Part 1. Global-Scale Forest Height Estimation Introduction of the problem of estimating tree height from satellite data, its challenges and how we have overcome them in our ICML24 paper.

Part 2. Capturing Temporal Dynamics in Canopy Height Part 2 reveals how we moved beyond a single-year map to track changes in canopy height over time, as detailed in our ICML25 paper.

Intro: Why Forest Monitoring Matters

Knowing the health and structure of forests is essential for combating climate change. Forests act as a natural carbon sink, absorbing around half of the $CO_2$ from human activities, while also providing habitat for countless species. Yet traditional forest monitoring relies on field workers manually measuring individual trees, an approach that is highly accurate but impractical at global scale. How can we monitor ecosystems that cover nearly one-third of the Earth’s land?

Global canopy height map showing forest heights across the world

Our new global canopy height map shows forest heights across the world, with colors indicating tree heights from 0m (black/purple) to 35m+ (yellow).

Accurate forest height maps allow scientists to understand how much carbon forests store and how it is distributed, to identify and protect old-growth forests, and to make informed decisions about conservation. The method presented here provides more precise height estimates than previous maps, especially for short vegetation and complex forest areas, enhancing the ability of scientists and policymakers to understand and protect forest resources.

The Challenge of Global Forest Monitoring

Traditional forest monitoring through manual measurement of individual trees provides highly accurate data, but it clearly becomes impractical when trying to assess forests at a large scale.

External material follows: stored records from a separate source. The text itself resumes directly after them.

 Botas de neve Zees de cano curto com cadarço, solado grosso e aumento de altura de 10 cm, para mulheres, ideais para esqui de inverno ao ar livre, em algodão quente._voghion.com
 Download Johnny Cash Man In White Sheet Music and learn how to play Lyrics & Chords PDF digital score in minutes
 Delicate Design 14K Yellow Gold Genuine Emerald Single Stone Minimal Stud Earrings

Furthermore, there’s a stark divide in monitoring capabilities: industrialized nations often have sufficient resources to conduct comprehensive forest surveys, while many others lack the necessary resources to perform extensive monitoring of their forest landscapes.

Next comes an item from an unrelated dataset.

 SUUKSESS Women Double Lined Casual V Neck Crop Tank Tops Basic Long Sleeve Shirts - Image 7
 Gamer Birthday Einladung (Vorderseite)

Satellite technology offers a way forward. Modern satellites can regularly observe the entire Earth, offering a consistent way to monitor forests and general vegetation ecosystems worldwide. In particular, the GEDI mission, which is a full-waveform laser system on the International Space Station, can measure the height of every tree on the surface of the Earth. In practice however, the GEDI measurements are sparsely-distributed, taking up only a tiny fraction of the Earth’s total surface area. This is visible in the image below, where the GEDI measurements are shown in red/yellow dots.

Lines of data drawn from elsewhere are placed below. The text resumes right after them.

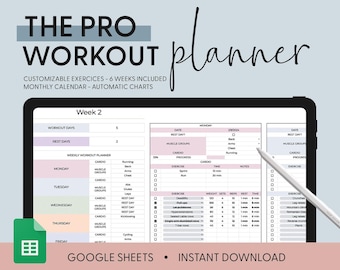 Ultimate Workout Planner Google Sheets Exercise Tracker Spreadsheet Fitness Planner Gym Checklist Weightlifting Training Calendar Pilates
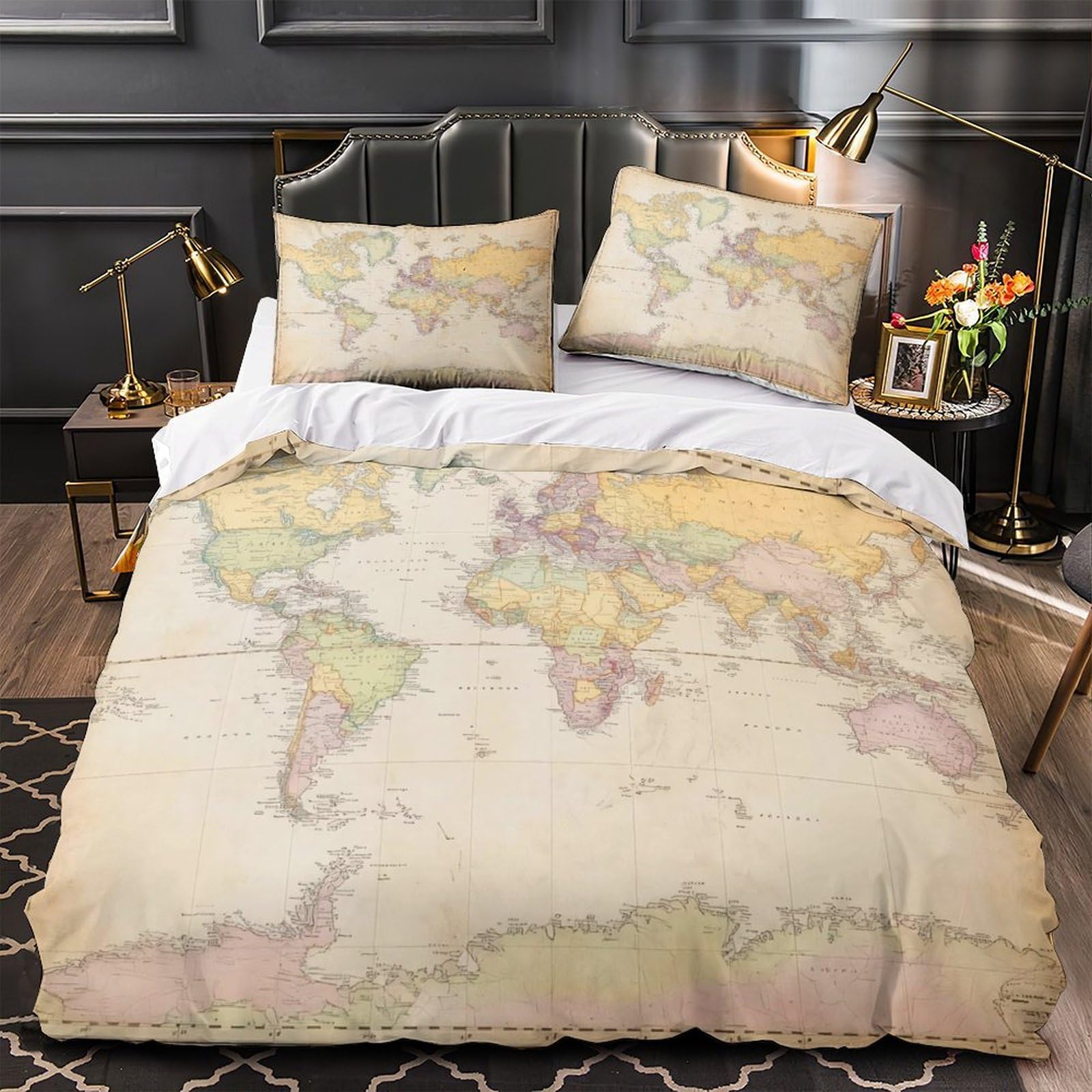 Housse de couette carte du monde pour chambre d'ado voyageur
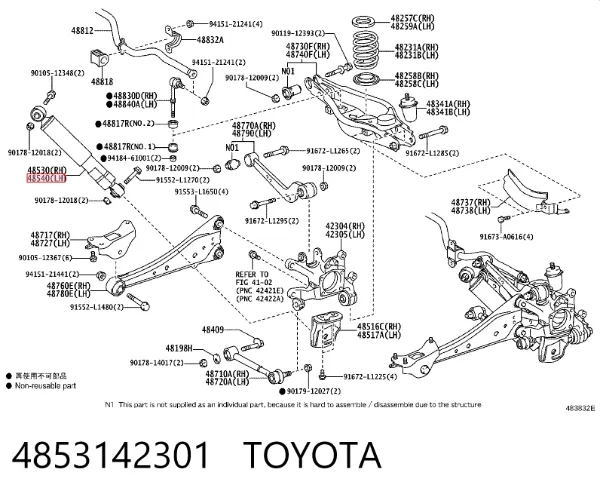 Amortyzator tylny prawy 4853142301 Toyota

Satellite imagery with height measurements

Satellite image overlaid with actual tree height measurements (red/yellow dots) from NASA's GEDI laser system. As the GEDI system is onboard the ISS, you can clearly see the ISS flight paths in the image.

The sparse distribution of GEDI measurements poses a fundamental challenge for creating a global map of forest heights. This is where deep learning comes into play. We introduce a methodology to create a detailed, global-scale map of forest heights using supervised deep learning on satellite data, combining:

Radar images that can see through clouds (Sentinel-1) as input
Optical images that show forest detail (Sentinel-2) as input
Height measurements from NASA’s GEDI laser system as ground truth labels

In other words, we train a model that takes satellite images as input and predicts the height of each pixel, training on the sparse GEDI measurements as ground truth labels. But learning heights from satellite images is not easy. Problems like clouds, mountains, and measurement angles make it challenging to get a good estimate of the height of the trees. We discuss our main challenges below:

Challenge 1: Dealing with Clouds

Satellites follow fixed orbits and capture images on a regular schedule, regardless of cloud cover. While most regions experience clear skies at some point during the year, allowing us to select cloud-free images, tropical regions pose a unique challenge. The persistent cloud cover and high-altitude cirrus clouds in these areas make it difficult to obtain clear optical satellite imagery, necessitating innovative approaches to extract useful data.

Challenge 2: Mountains and Measurements

The challenge of measuring trees on slopes

How slopes affect height measurements: the same tree might appear taller when measured on a slope, and even in the absence of trees, GEDI records a height measurement due to the elevation change within its footprint.

Mountainous terrain poses unique measurement challenges. GEDI’s laser technology measures the height difference between the highest and lowest points within a 25-meter diameter circle. On steep slopes, this can distort measurements in two ways: trees may appear artificially taller than their true height, and even bare slopes register as having “height” due to the elevation change within the measurement circle.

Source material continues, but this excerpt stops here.